Transformed Columns

Transform data at scale.

Config

- kind: transformed_column
name: <string> # transformed column name (required)
transformer: <string> # the name of the transformer to use (this or transformer_path must be specified)
transformer_path: <string> # a path to an transformer implementation file (this or transformer must be specified)
input: <input_value> # the input to the transformer, which may contain references to columns, constants, and aggregates (e.g. @column1) (required)
compute:
executors: <int> # number of spark executors (default: 1)
driver_cpu: <string> # CPU request for spark driver (default: 1)
driver_mem: <string> # memory request for spark driver (default: 500Mi)
driver_mem_overhead: <string> # off-heap (non-JVM) memory allocated to the driver (overrides mem_overhead_factor) (default: min[driver_mem * 0.4, 384Mi])
executor_cpu: <string> # CPU request for each spark executor (default: 1)
executor_mem: <string> # memory request for each spark executor (default: 500Mi)
executor_mem_overhead: <string> # off-heap (non-JVM) memory allocated to each executor (overrides mem_overhead_factor) (default: min[executor_mem * 0.4, 384Mi])
mem_overhead_factor: <float> # the proportion of driver_mem/executor_mem which will be additionally allocated for off-heap (non-JVM) memory (default: 0.4)
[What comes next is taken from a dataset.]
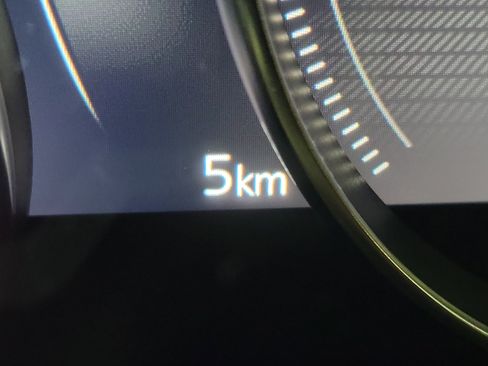 New 2026 MAZDA CX-30 AWD 2.5 S w/ Premium Package image 18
See Data Types for details about input values. Note: the input of the the transformed column must match the input type of the transformer (if specified).
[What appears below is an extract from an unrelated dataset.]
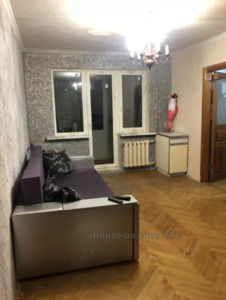 Купити квартиру, Танкопія вул., Харків, id 29141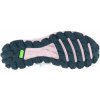 Inov8 Trailfly G 270 v2 pine peach dámské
See transformers.yaml for a list of built-in transformers.

Example

- kind: transformed_column
name: age_normalized
transformer: cortex.normalize
input:
num: @age # "age" is the name of a numeric raw column
mean: @age_mean # "age_mean" is the name of an aggregate which used the cortex.mean aggregator
stddev: @age_stddev # "age_stddev" is the name of an aggregate which used the cortex.stddev aggregator
- kind: transformed_column
name: class_indexed
transformer: cortex.index_string
input:
col: @class # "class" is the name of a string raw column
index: {"indexes": ["t", "f"], "reversed_index": ["t": 0, "f": 1]} # a value to be used as the index
- kind: transformed_column
name: price_bucketized
transformer: cortex.bucketize
input:
num: @price # "price" is the name of a numeric raw column
bucket_boundaries: @bucket_boundaries # "bucket_boundaries" is the name of a [FLOAT] constant

Validating Transformers

Cortex does not run transformers on the full dataset until they are required for model training. However, in order to catch bugs as early as possible, Cortex sanity checks all transformed columns by running their transformers against the first 100 samples in the dataset.